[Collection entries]
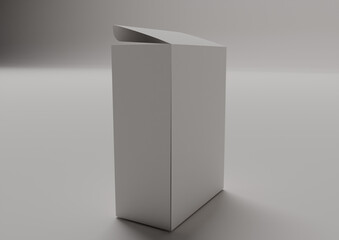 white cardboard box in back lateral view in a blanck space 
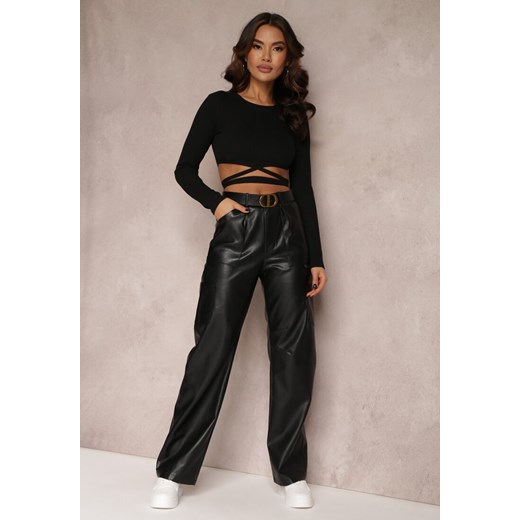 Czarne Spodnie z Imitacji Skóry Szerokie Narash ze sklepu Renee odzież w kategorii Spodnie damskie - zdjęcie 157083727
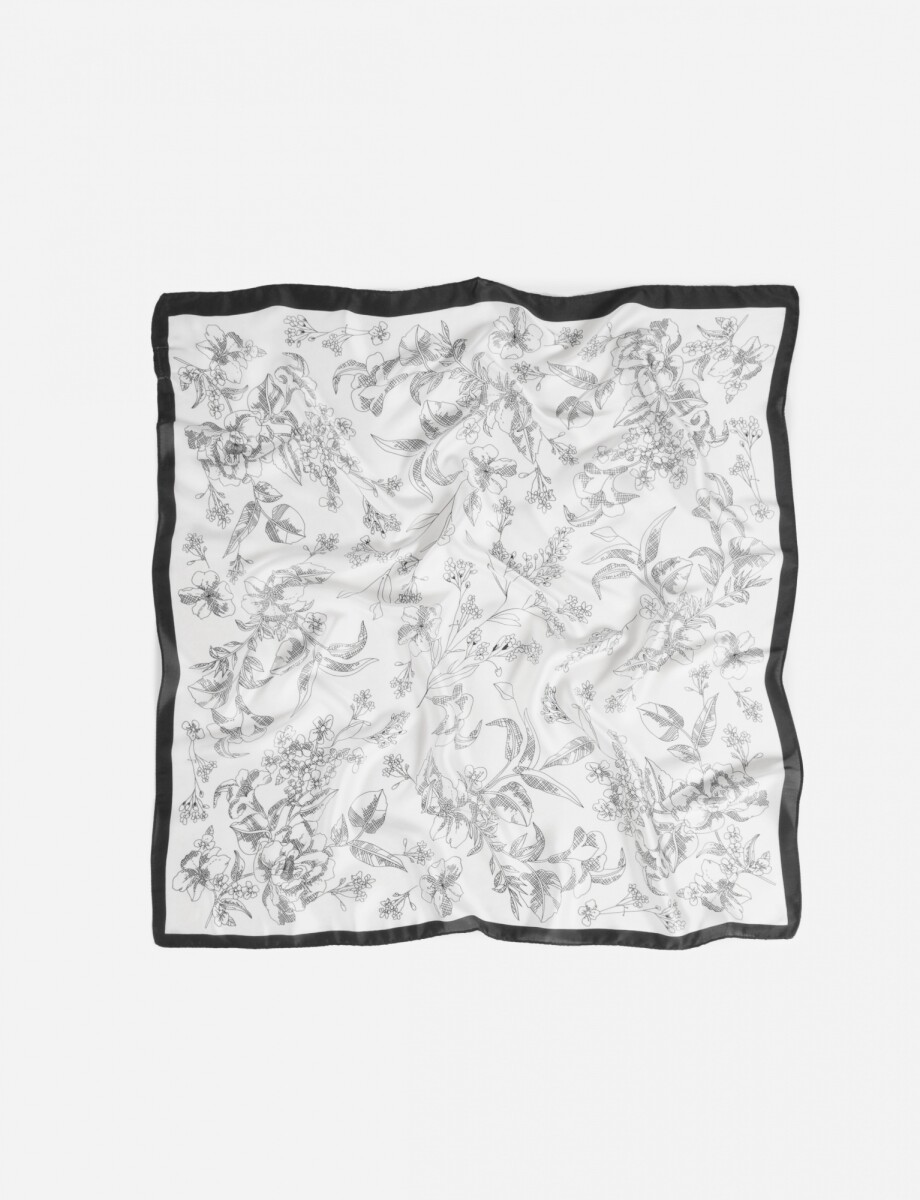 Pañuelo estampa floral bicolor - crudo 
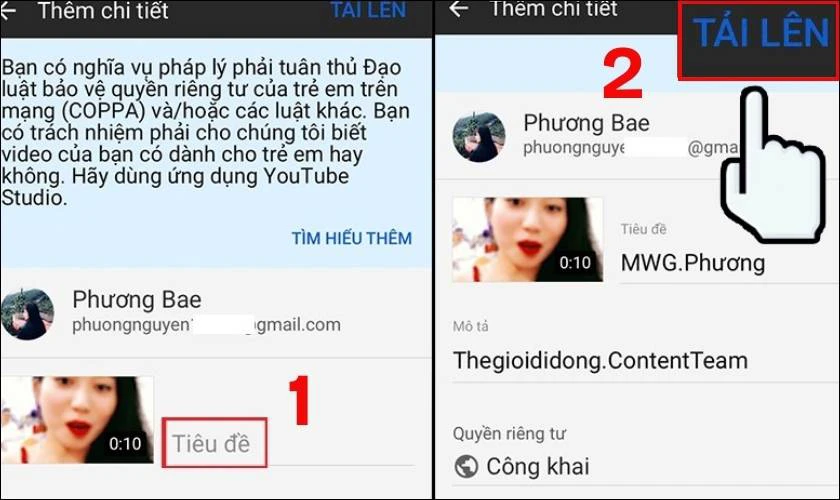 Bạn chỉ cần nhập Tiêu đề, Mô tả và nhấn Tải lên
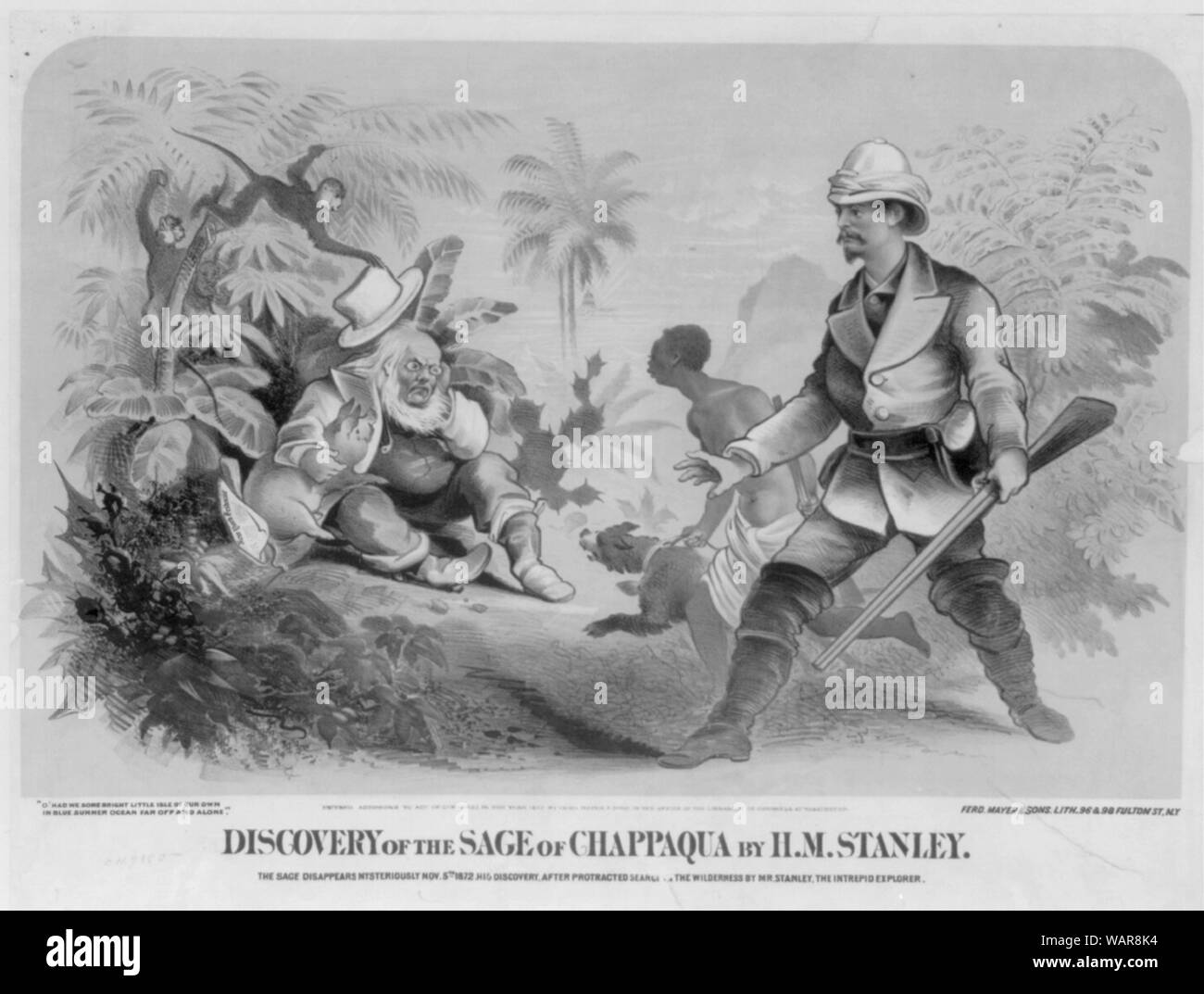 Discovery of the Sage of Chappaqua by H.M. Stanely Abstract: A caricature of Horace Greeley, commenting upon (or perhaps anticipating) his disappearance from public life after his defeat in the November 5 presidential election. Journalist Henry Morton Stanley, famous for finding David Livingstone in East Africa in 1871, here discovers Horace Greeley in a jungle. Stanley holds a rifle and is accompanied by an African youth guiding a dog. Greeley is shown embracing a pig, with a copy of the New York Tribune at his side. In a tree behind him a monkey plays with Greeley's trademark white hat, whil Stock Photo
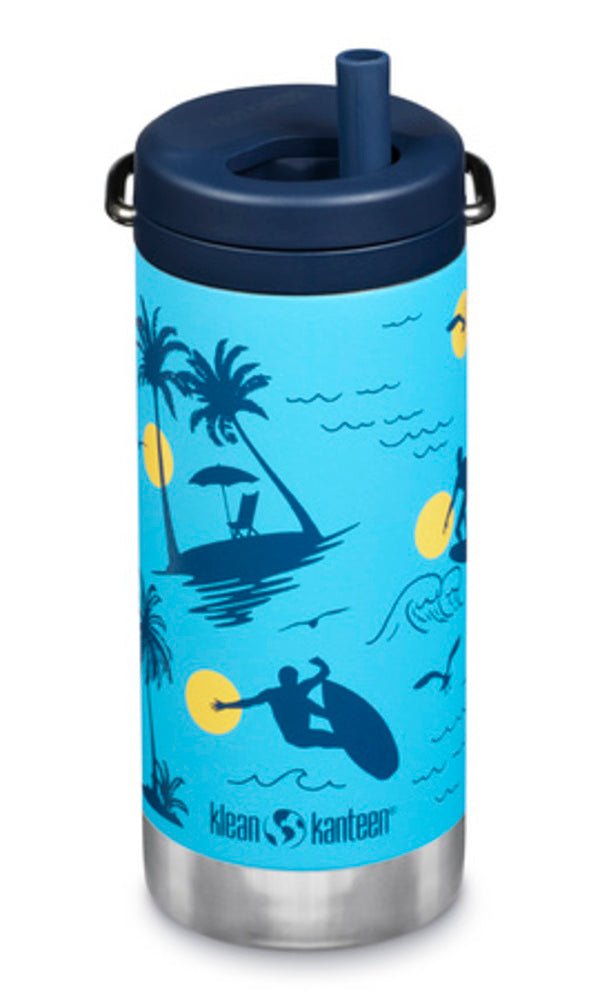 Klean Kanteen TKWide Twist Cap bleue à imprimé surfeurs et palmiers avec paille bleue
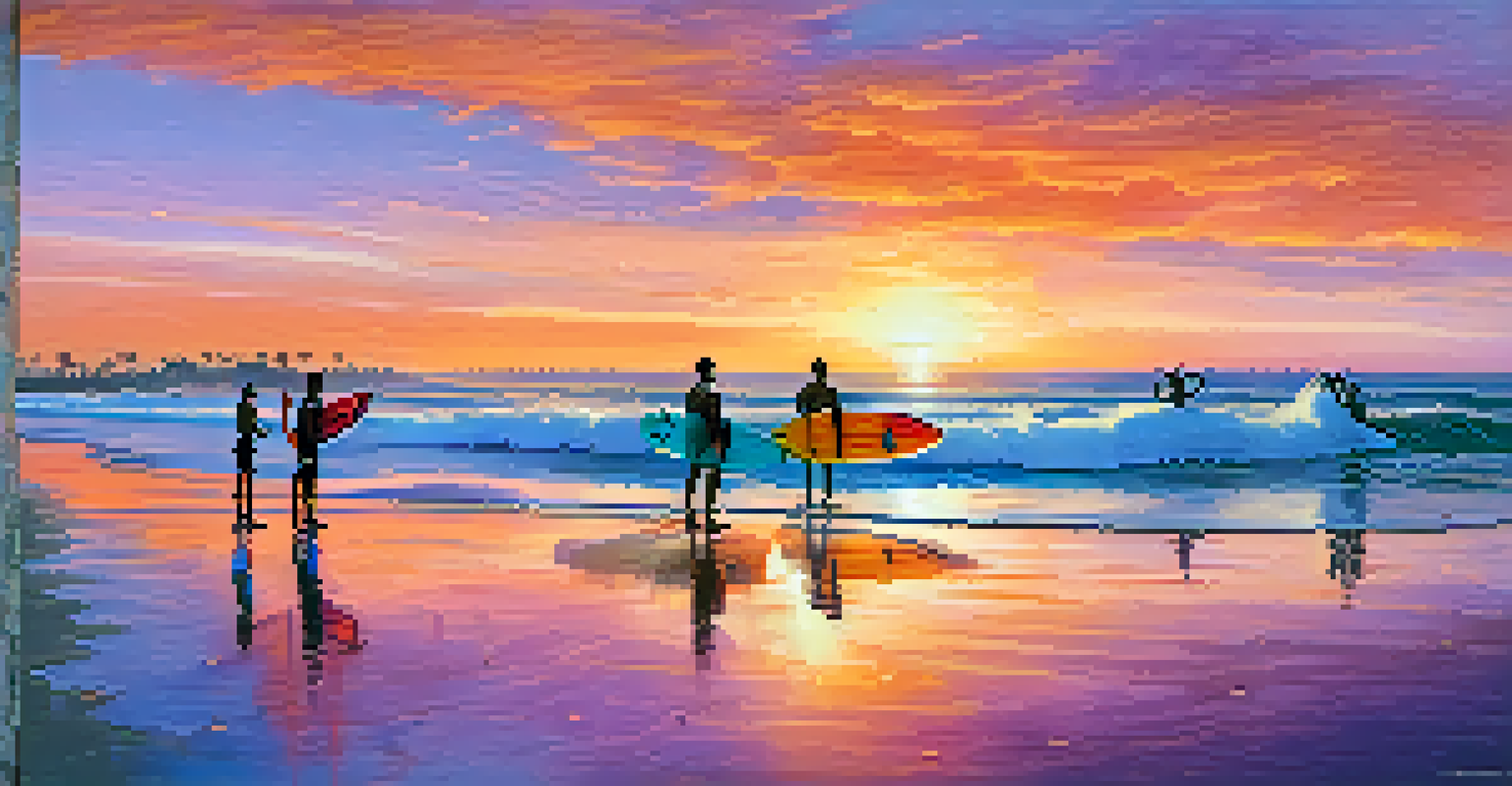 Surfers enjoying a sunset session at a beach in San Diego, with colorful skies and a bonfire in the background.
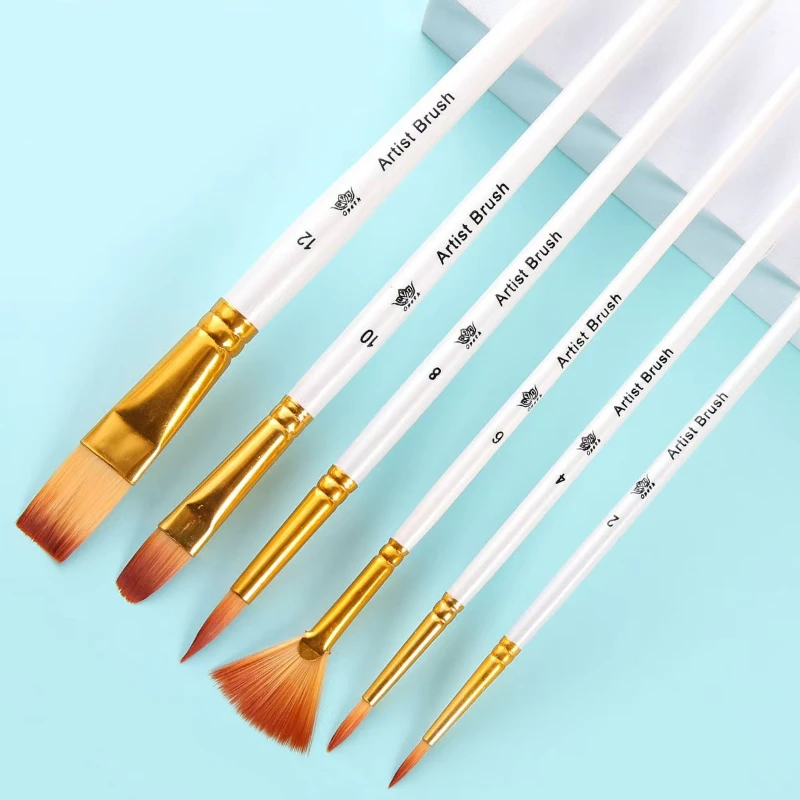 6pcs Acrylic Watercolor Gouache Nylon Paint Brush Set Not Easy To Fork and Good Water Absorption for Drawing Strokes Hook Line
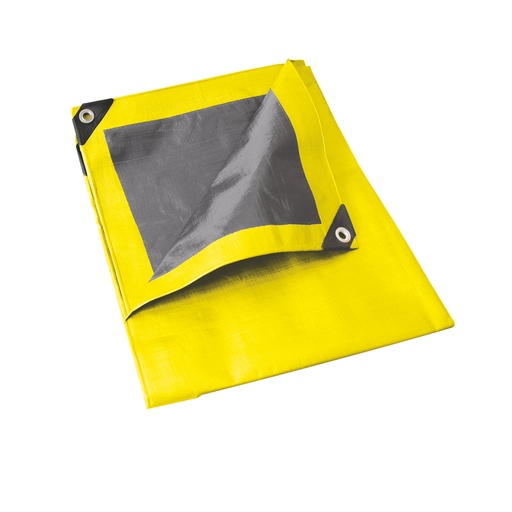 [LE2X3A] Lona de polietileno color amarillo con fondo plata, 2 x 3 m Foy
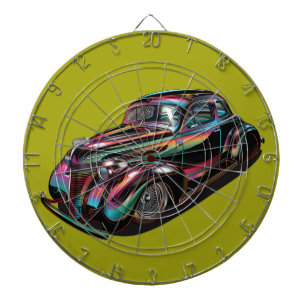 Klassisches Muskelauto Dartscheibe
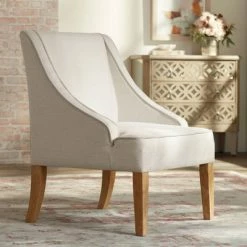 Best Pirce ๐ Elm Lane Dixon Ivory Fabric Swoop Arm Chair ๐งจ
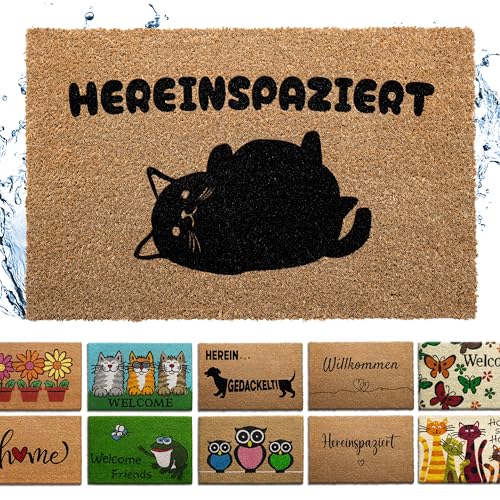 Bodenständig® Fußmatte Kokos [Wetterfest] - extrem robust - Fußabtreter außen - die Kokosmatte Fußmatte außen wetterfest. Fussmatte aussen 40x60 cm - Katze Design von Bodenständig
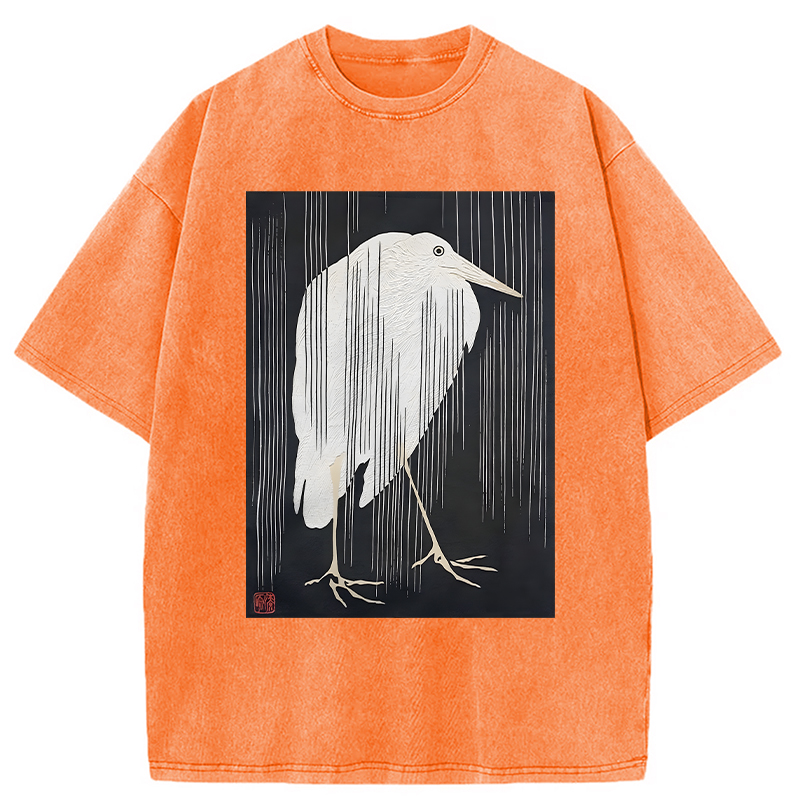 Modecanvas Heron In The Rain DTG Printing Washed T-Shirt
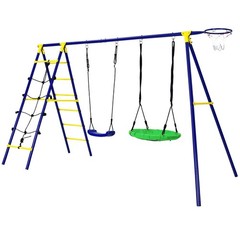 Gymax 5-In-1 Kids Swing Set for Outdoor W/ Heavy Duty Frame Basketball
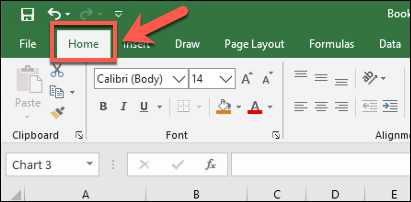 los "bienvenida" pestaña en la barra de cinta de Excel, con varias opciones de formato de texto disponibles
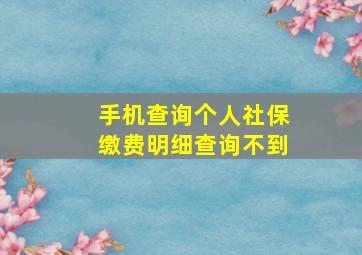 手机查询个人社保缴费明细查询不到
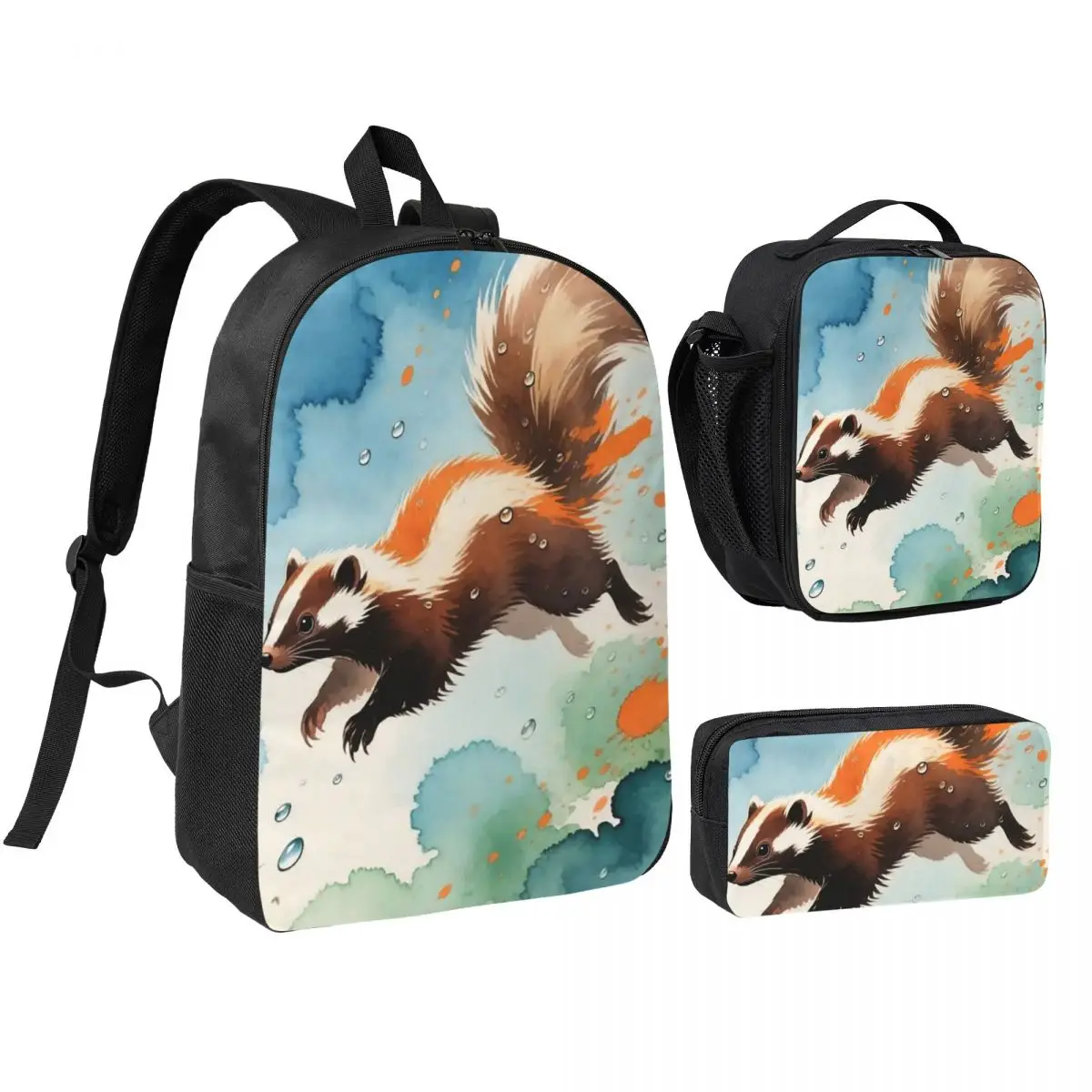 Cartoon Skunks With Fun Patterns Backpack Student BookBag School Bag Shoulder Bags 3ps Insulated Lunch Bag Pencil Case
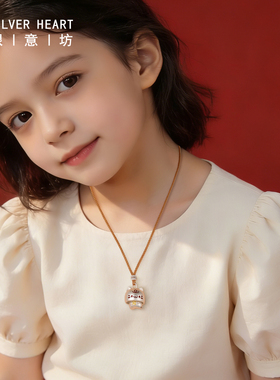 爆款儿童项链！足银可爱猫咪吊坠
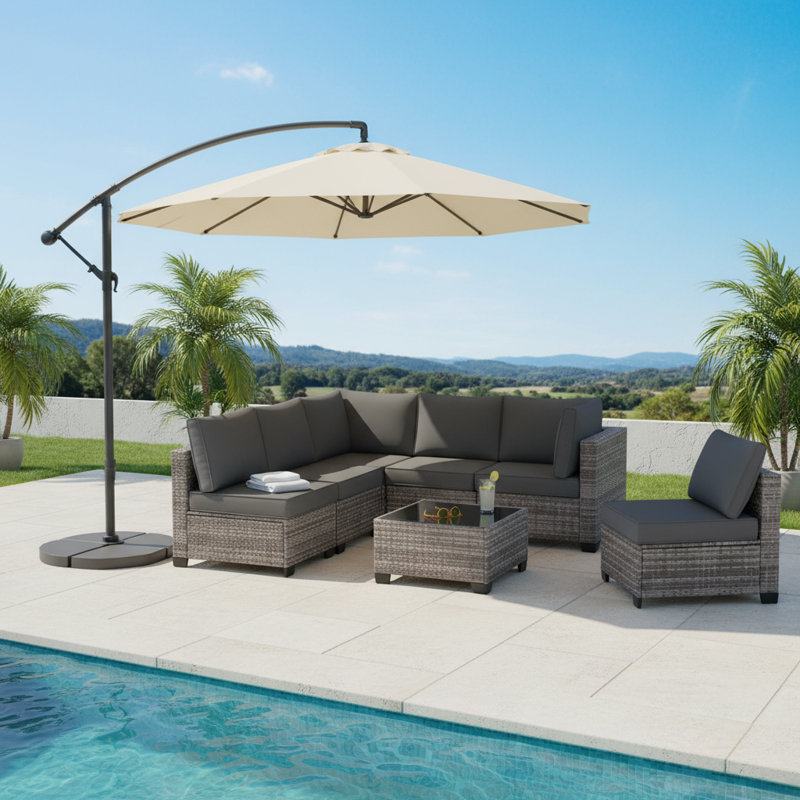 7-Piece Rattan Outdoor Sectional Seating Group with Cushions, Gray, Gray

- [WORK TO COMPLETE] In the copy, include exactly the lines from the one with "爆款儿童项链！足银可爱猫咪吊坠" through the final line of the data, both ends included, and no pictures.

- [ANSWER TO THIS EXERCISE]
 爆款儿童项链！足银可爱猫咪吊坠
 7-Piece Rattan Outdoor Sectional Seating Group with Cushions, Gray, Gray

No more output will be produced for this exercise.